#### EXERCISE MATERIALS:
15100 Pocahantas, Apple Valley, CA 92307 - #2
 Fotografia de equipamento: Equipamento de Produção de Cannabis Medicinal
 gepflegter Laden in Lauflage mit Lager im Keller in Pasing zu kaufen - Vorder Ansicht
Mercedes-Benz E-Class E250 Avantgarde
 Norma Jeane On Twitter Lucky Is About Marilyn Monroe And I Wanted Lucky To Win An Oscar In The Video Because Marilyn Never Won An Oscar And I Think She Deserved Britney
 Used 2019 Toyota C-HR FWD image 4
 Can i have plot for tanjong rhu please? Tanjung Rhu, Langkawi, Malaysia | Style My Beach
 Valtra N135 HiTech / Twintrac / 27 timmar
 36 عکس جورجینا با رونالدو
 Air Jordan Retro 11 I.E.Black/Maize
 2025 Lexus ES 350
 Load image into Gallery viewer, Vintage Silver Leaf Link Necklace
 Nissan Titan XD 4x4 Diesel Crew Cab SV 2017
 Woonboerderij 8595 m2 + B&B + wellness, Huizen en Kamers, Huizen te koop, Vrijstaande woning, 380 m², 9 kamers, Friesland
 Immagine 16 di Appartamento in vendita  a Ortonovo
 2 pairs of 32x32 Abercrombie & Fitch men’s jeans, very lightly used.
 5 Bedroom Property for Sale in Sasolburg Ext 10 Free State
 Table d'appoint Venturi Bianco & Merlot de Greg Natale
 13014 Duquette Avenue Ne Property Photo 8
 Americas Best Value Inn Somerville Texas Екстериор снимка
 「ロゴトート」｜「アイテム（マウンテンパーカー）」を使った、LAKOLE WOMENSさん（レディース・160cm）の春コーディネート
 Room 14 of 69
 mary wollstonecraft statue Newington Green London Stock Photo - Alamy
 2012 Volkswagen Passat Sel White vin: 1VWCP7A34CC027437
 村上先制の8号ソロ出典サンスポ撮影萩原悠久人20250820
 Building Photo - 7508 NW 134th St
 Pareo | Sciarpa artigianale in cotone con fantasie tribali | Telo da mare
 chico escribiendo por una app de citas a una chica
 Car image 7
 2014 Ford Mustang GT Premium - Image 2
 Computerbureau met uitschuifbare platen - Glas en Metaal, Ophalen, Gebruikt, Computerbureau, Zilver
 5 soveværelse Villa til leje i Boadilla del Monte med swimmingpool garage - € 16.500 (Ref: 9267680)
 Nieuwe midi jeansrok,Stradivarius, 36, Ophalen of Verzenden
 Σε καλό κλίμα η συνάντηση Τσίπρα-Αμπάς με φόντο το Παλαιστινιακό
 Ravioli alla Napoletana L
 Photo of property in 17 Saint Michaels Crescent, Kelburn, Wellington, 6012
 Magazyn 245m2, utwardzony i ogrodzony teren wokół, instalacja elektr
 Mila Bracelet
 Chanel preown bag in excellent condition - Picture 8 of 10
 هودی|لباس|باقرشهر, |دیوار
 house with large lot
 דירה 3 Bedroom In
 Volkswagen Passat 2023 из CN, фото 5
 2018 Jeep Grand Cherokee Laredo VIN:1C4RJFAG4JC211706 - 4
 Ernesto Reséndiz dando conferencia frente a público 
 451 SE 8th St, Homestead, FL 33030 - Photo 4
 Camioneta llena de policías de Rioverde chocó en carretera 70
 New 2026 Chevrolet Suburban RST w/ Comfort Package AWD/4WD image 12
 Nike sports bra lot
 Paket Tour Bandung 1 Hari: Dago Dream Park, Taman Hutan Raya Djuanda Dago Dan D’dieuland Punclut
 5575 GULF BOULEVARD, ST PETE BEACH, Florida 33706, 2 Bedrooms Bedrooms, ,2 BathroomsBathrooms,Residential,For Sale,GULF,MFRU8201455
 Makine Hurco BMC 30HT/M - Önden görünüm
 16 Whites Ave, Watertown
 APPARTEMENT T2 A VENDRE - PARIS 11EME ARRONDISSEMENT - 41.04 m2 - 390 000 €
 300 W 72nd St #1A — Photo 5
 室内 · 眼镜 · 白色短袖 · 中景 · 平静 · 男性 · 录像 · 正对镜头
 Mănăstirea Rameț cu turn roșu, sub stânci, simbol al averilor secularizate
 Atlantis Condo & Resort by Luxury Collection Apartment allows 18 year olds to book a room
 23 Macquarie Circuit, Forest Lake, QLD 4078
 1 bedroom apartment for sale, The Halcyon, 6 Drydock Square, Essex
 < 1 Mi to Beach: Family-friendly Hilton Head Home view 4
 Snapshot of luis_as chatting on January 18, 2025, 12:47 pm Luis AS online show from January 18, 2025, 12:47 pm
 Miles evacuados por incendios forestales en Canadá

#### AIM OF THE EXERCISE:
Every entry is to be repeated precisely as it stands.

#### THE COMPLETED TASK:
15100 Pocahantas, Apple Valley, CA 92307 - #2
 Fotografia de equipamento: Equipamento de Produção de Cannabis Medicinal
 gepflegter Laden in Lauflage mit Lager im Keller in Pasing zu kaufen - Vorder Ansicht
Mercedes-Benz E-Class E250 Avantgarde
 Norma Jeane On Twitter Lucky Is About Marilyn Monroe And I Wanted Lucky To Win An Oscar In The Video Because Marilyn Never Won An Oscar And I Think She Deserved Britney
 Used 2019 Toyota C-HR FWD image 4
 Can i have plot for tanjong rhu please? Tanjung Rhu, Langkawi, Malaysia | Style My Beach
 Valtra N135 HiTech / Twintrac / 27 timmar
 36 عکس جورجینا با رونالدو
 Air Jordan Retro 11 I.E.Black/Maize
 2025 Lexus ES 350
 Load image into Gallery viewer, Vintage Silver Leaf Link Necklace
 Nissan Titan XD 4x4 Diesel Crew Cab SV 2017
 Woonboerderij 8595 m2 + B&B + wellness, Huizen en Kamers, Huizen te koop, Vrijstaande woning, 380 m², 9 kamers, Friesland
 Immagine 16 di Appartamento in vendita  a Ortonovo
 2 pairs of 32x32 Abercrombie & Fitch men’s jeans, very lightly used.
 5 Bedroom Property for Sale in Sasolburg Ext 10 Free State
 Table d'appoint Venturi Bianco & Merlot de Greg Natale
 13014 Duquette Avenue Ne Property Photo 8
 Americas Best Value Inn Somerville Texas Екстериор снимка
 「ロゴトート」｜「アイテム（マウンテンパーカー）」を使った、LAKOLE WOMENSさん（レディース・160cm）の春コーディネート
 Room 14 of 69
 mary wollstonecraft statue Newington Green London Stock Photo - Alamy
 2012 Volkswagen Passat Sel White vin: 1VWCP7A34CC027437
 村上先制の8号ソロ出典サンスポ撮影萩原悠久人20250820
 Building Photo - 7508 NW 134th St
 Pareo | Sciarpa artigianale in cotone con fantasie tribali | Telo da mare
 chico escribiendo por una app de citas a una chica
 Car image 7
 2014 Ford Mustang GT Premium - Image 2
 Computerbureau met uitschuifbare platen - Glas en Metaal, Ophalen, Gebruikt, Computerbureau, Zilver
 5 soveværelse Villa til leje i Boadilla del Monte med swimmingpool garage - € 16.500 (Ref: 9267680)
 Nieuwe midi jeansrok,Stradivarius, 36, Ophalen of Verzenden
 Σε καλό κλίμα η συνάντηση Τσίπρα-Αμπάς με φόντο το Παλαιστινιακό
 Ravioli alla Napoletana L
 Photo of property in 17 Saint Michaels Crescent, Kelburn, Wellington, 6012
 Magazyn 245m2, utwardzony i ogrodzony teren wokół, instalacja elektr
 Mila Bracelet
 Chanel preown bag in excellent condition - Picture 8 of 10
 هودی|لباس|باقرشهر, |دیوار
 house with large lot
 דירה 3 Bedroom In
 Volkswagen Passat 2023 из CN, фото 5
 2018 Jeep Grand Cherokee Laredo VIN:1C4RJFAG4JC211706 - 4
 Ernesto Reséndiz dando conferencia frente a público 
 451 SE 8th St, Homestead, FL 33030 - Photo 4
 Camioneta llena de policías de Rioverde chocó en carretera 70
 New 2026 Chevrolet Suburban RST w/ Comfort Package AWD/4WD image 12
 Nike sports bra lot
 Paket Tour Bandung 1 Hari: Dago Dream Park, Taman Hutan Raya Djuanda Dago Dan D’dieuland Punclut
 5575 GULF BOULEVARD, ST PETE BEACH, Florida 33706, 2 Bedrooms Bedrooms, ,2 BathroomsBathrooms,Residential,For Sale,GULF,MFRU8201455
 Makine Hurco BMC 30HT/M - Önden görünüm
 16 Whites Ave, Watertown
 APPARTEMENT T2 A VENDRE - PARIS 11EME ARRONDISSEMENT - 41.04 m2 - 390 000 €
 300 W 72nd St #1A — Photo 5
 室内 · 眼镜 · 白色短袖 · 中景 · 平静 · 男性 · 录像 · 正对镜头
 Mănăstirea Rameț cu turn roșu, sub stânci, simbol al averilor secularizate
 Atlantis Condo & Resort by Luxury Collection Apartment allows 18 year olds to book a room
 23 Macquarie Circuit, Forest Lake, QLD 4078
 1 bedroom apartment for sale, The Halcyon, 6 Drydock Square, Essex
 < 1 Mi to Beach: Family-friendly Hilton Head Home view 4
 Snapshot of luis_as chatting on January 18, 2025, 12:47 pm Luis AS online show from January 18, 2025, 12:47 pm
 Miles evacuados por incendios forestales en Canadá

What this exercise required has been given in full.